Sermon to the Void
Amid a churning torrent of acid gold, Hilal Baydarov’s Sermon to the Void unveils its true form, slipping away from its preambulatory parable into something wholly incantatory. This displacement arrives unhurriedly; in fact, so gradual is its presence, and so glacial are its frames, that image and narrative paradoxically reunite and coalesce into one. The film’s premise may be stated as follows: a sojourner named Shah Ismail (Huseyn Nasirov) seeks the Water of Life, and sets out across unrelenting terrain in search of it. His journey, however, charts less a path to spiritual enlightenment than it advances a stark proposition both metaphysical and aesthetic. “The first sign of Truth,” Ismail’s entranced voice booms unseen, “is realizing that all metaphors are real.” What therefore ensues is very much a reality in its own right, of communion, discovery, and eventual dissolution — of the body, the mind, and the soul.
The third entry in an unofficial film cycle, Sermon to the Void sees Baydarov at his most inventive and conceptually daring, employing a visual language of incandescent color and abstraction. Where its predecessors flirted with the oblique rhythms of poetic meter to lament the hollow costs of war, Void, in comparison, openly mounts a battle hymn for the cause of poetry. Streaked with euphoric shades of blue and green and doused in the deep-fried ochers of red and yellow, the film surveys a personal katabasis of alien contours and landscapes, each one an enticingly associative and unreal composition of flowers, fields, landforms, and figures. All verisimilitude with historical fact is expunged and replaced by an atemporal desolation more vivid and pronounced than Baydarov’s previous works: In Between Dying (2020), his most well-known film, loosely distilled the violent national id of post-Soviet Azerbaijan amid ravishing symbolism, whereas in Sermon to the Fish (2022) and Sermon to the Birds (2023) the aftermath of devastation from the Nagorno-Karabakh wars forecloses any hope for salvation. In contrast, Void flits between the free-flowing impulses of myth and the restrained sanctum of contemplation, making a case for the sacredness of both.

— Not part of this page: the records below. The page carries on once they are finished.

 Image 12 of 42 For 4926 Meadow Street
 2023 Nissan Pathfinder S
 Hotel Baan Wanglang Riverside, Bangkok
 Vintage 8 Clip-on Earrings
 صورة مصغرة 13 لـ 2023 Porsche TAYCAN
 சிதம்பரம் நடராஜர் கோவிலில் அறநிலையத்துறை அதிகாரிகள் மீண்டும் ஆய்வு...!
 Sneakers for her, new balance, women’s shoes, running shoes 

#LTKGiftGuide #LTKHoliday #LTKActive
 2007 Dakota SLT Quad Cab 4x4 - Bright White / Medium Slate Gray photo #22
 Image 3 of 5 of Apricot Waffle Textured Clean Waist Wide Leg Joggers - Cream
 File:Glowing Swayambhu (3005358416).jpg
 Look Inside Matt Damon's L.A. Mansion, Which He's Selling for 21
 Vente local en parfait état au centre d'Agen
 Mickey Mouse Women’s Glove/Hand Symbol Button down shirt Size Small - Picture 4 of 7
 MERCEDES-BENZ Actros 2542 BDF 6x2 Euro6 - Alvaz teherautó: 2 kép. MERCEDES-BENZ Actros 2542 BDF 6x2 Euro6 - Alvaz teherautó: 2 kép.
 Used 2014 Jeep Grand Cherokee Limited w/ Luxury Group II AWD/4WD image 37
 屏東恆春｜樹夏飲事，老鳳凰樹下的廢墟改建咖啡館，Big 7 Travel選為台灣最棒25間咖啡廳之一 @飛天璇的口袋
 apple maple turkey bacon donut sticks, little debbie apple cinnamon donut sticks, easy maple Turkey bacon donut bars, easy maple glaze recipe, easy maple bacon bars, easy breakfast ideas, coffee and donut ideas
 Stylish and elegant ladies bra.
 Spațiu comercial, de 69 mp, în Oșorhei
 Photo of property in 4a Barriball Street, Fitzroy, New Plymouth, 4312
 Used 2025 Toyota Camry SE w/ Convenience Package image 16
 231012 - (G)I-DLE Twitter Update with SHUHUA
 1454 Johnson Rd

Baydarov’s influences clearly range over the old masters of sublimity: the hallucinatory tinctures of Alejandro Jodorowsky’s The Holy Mountain, as with the elliptical portraitures of Sergei Parajanov’s Ashik Kerib, complement a languid sensibility courtesy of both Béla Tarr (the director’s mentor) and Carlos Reygadas (one of the film’s co-producers). But equally noteworthy is Void’s existential hunger, echoing the phantasmatic plunge of the ego in Abel Ferrara’s Siberia and more so in the unearthly spectacles of Jean Giraud’s comic book Arzach. Both comparisons arguably situate the film on the precipice of being, harboring the silhouette of an elusive protagonist who traverses the terra incognita of his soul. “Perhaps the goal is union with You,” proclaims an epigraph from the 16th-century poet Füzuli. Much in Void does point toward the cosmic as Ismail, alongside his intermittent fellow travelers, wanders and wonders about the barren and indifferent spaces, themselves devoid of other creatures but filled with the absoluteness of the spoken word.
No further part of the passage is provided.